- 4.54% (30-year fixed)
- 0.39 (average points)
It may seem odd to think of the U.S. as a safe haven for the world's savings in the wake of the recently resolved debt crisis, but that's exactly how the world is treating the U.S. mortgage market. Mortgage rates were down across the board as investors spooked by poor economic numbers this week and a worsening European debt crisis fled to mortgage-backed securities.
The 30-year fixed-rate mortgage fell 20 basis points, to 4.54 percent from 4.74 percent last week. A basis point is one-hundredth of 1 percentage point.
Another popular mortgage product, the 15-year fixed-rate home loan, followed closely behind, dropping 15 basis points from 3.83 percent to 3.68 percent. The average rate for 30-year jumbo mortgages, or generally for those of more than $417,000, was 5.06 percent, down 13 basis points from last week's rate.
Adjustable-rate mortgages followed their fixed-rate relatives downward. The 5/1 ARM tumbled 11 basis points from last week's 3.34 percent to 3.23 percent. With a 5/1 ARM the rate is fixed for five years and adjusted annually thereafter.
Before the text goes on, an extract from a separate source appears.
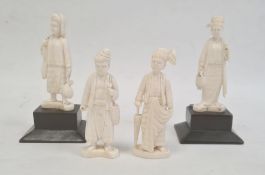 Four Chinese ivory figures (two on stands), 9cm high approx. (minus stands) and a resinous scrimshaw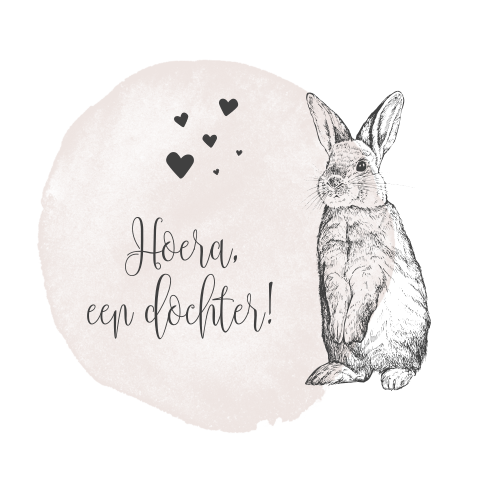 Kaartje sturen voor geboorte dochter met konijntje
Consumers responded to sharply lower mortgage rates this week by increasing their borrowing activity substantially. The Mortgage Bankers Association reported mortgage applications were up 7.1 percent today compared to one week earlier.
Refinancing still accounts for the lion's share of mortgage activity, with 70.1 percent of mortgage loans going toward refinancing rather than home purchases, and that's up from 69.6 percent last week, according to the MBA report.